Yair Sheleg discovers why everyone's reading the Talmudic interpretations of the French-Jewish philosopher.

Who would have believed that Emmanuel Levinas would become an Israeli cultural hero?

By Yair Sheleg

For the past four months, an unusual book has become a fixture on the non-fiction best-seller list. The book is "Tesha Keriyot Talmudiyot" ("Nine Talmudic Readings" - Schocken Press) - a collection of nine lectures given by the French-Jewish philosopher Emmanuel Levinas between 1957 and 1975. In these lectures, Levinas addressed a series of deep philosophical and intellectual issues that occupied all of Europe at the time - topics like the ability to forgive the Germans, the "student revolution" and youth rebellion in general, modern war, the "new economy" and the status of women. It was all done via an in-depth look at Talmudic discussions centering on subjects that ostensibly have nothing to do with these matters -like the significance of Yom Kippur, an employer's obligations to his workers, the Jewish attitude toward witchcraft, and more.

Raheli Idelman, the book's publisher, declines to say how many copies have been sold since it came out about six months ago ("I don't divulge information like that before reaching 10,000 copies"). But she does say that the book has already had three printings and a fourth is due soon - "And that's definitely extraordinary for a book of this type." She also says that she was sure the book would be a success "and that's why I fought with wholesalers who only wanted to purchase small quantities, because of the failure of the only other book by Levinas that was previously translated into Hebrew. I was confident that, with the right timing, this book would catch on, and the demand shows that I was right."

Idelman attributes the book's success to the cultural blend that it expresses: "In recent years, there has been a wave of secular interest in Judaism, but the Talmud isn't usually comprehensible to a secular reader. Levinas' book enables this reader to see the Talmud from a general Western orientation. And, at the same time, this combination naturally interests the enlightened religious public, too."
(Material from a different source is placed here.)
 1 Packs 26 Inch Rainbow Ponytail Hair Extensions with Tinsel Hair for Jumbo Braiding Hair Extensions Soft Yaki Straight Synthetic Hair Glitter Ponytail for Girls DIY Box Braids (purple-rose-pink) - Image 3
The commercial success of "Nine Readings" is only one of many indications that Levinas, in just the past few years, has become a hero of Israeli culture. Upon its publication, the book generated a lively intellectual debate, at least in the pages of the Ha'aretz literature and culture supplement. Not only did the book stir a number of intellectuals to write articles concerning Levinas, it also aroused a debate regarding the degree of Levinas' understanding of the Talmudic texts he interprets.
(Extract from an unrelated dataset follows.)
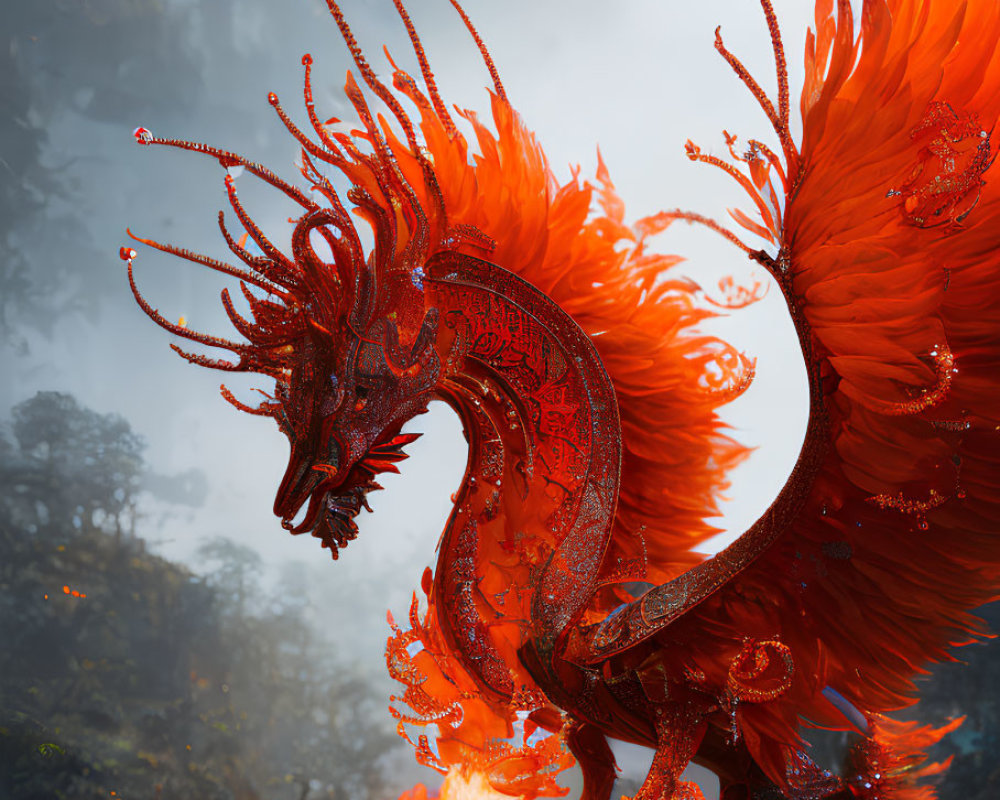 Fiery red-orange dragon with glowing wings in misty woods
In Israeli academia - particularly at Hebrew University, Bar-Ilan University and Haifa University, where several Levinas experts like Shalom Rosenberg, Efraim Meir and Ze'ev Levy teach - the number of courses dedicated to Levinas' work has been steadily growing in the past few years. Rosenberg says that he was excited to discover, just a few days ago, that singer Barry Sakharof's new disc is called "Ha'aher" ("The Other"), a central philosophical concept in Levinas' thinking. Moreover, the disc was dedicated to Levinas. Rosenberg published a book called "The Other" several months ago, a collection of articles dealing with the relationship to the Other. Levinas is mentioned in it many times, and one article is devoted to discussing his ideas.

About two years ago, one of Levinas' students, the former French-Jewish revolutionary Benny Levy, opened Makhon Levinas (The Levinas Institute) in Jerusalem, which is devoted to the study of Levinas' works. And next week will bring more evidence of the "Levinas trend," with the opening of an international conference on Levinas, sponsored by Hebrew University's Department of Jewish Philosophy.

So what has made Levinas, the man and his philosophy, so fashionable in Israel in 2002? Is it just the return to the "Jewish bookshelf" that Idelman points to?

Spiritual search

Levinas was born in Kovno, Lithuania in 1906, to an enlightened Orthodox family. Later in life, he would say that his early years in Lithuania had a very formative influence on his personality and left their mark in his rationalistic, anti-mystical way of thinking, which emulates that of some of the great Lithuanian sages (such as Rabbi Chaim of Brisk, the founder of the analytic learning method still popular in today's yeshivas, and the Vilna Gaon). Still, he did not spend that many years in Lithuania and did not study in yeshiva there. When Lithuania was occupied by the German army during World War I, the Levinas family moved to Kharkov in the Ukraine. In both Lithuania and the Ukraine, Levinas was exposed to the second cultural factor that he says shaped his world: Russian literature. He saw the questions about the "meaning of life" posed in the classics by Dostoyevsky, Tolstoy, Pushkin and others as the foundation that determined the objectives of his own spiritual search, while Lithuanian rationalism determined its nature and style.

At 17, Levinas left his family and moved to France, where he studied philosophy, French and Latin at the University of Strasbourg. Five years later, he moved again, this time to the University of Freiburg in Germany, where he had the opportunity to study with two of the great philosophers of the 20th century: Edmund Husserl and Martin Heidegger. Levinas would later ponder the question of Heidegger's character, after the philosopher eventually collaborated with the Nazis. But at this stage, he "made do" with internalizing the phenomenological theory that characterized both; a philosophy that said big, predetermined doctrines and theories must not be projected onto reality, but rather the opposite: Experience should be described by observing reality without recourse to theory, deduction or assumptions from other disciplines.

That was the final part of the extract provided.